Reproduce the data below word for word.

[Caption-style text data]
========================================
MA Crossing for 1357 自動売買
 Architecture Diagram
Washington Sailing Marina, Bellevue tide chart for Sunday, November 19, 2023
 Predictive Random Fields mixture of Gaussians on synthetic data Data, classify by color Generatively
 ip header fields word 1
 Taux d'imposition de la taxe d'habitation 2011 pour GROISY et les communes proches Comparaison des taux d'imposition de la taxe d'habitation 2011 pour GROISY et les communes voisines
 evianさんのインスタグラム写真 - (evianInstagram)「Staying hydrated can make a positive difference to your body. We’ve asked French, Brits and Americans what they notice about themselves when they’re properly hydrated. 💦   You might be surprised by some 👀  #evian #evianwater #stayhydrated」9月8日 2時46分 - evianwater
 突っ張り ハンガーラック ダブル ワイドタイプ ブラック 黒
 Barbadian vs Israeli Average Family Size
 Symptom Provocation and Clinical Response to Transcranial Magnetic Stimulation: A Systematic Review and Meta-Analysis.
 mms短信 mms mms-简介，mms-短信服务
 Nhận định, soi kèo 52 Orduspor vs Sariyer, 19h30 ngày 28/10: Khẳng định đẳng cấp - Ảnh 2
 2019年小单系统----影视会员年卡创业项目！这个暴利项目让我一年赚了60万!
========================================
| Written response |
MA Crossing for 1357 自動売買
 Architecture Diagram
Washington Sailing Marina, Bellevue tide chart for Sunday, November 19, 2023
 Predictive Random Fields mixture of Gaussians on synthetic data Data, classify by color Generatively
 ip header fields word 1
 Taux d'imposition de la taxe d'habitation 2011 pour GROISY et les communes proches Comparaison des taux d'imposition de la taxe d'habitation 2011 pour GROISY et les communes voisines
 evianさんのインスタグラム写真 - (evianInstagram)「Staying hydrated can make a positive difference to your body. We’ve asked French, Brits and Americans what they notice about themselves when they’re properly hydrated. 💦   You might be surprised by some 👀  #evian #evianwater #stayhydrated」9月8日 2時46分 - evianwater
 突っ張り ハンガーラック ダブル ワイドタイプ ブラック 黒
 Barbadian vs Israeli Average Family Size
 Symptom Provocation and Clinical Response to Transcranial Magnetic Stimulation: A Systematic Review and Meta-Analysis.
 mms短信 mms mms-简介，mms-短信服务
 Nhận định, soi kèo 52 Orduspor vs Sariyer, 19h30 ngày 28/10: Khẳng định đẳng cấp - Ảnh 2
 2019年小单系统----影视会员年卡创业项目！这个暴利项目让我一年赚了60万!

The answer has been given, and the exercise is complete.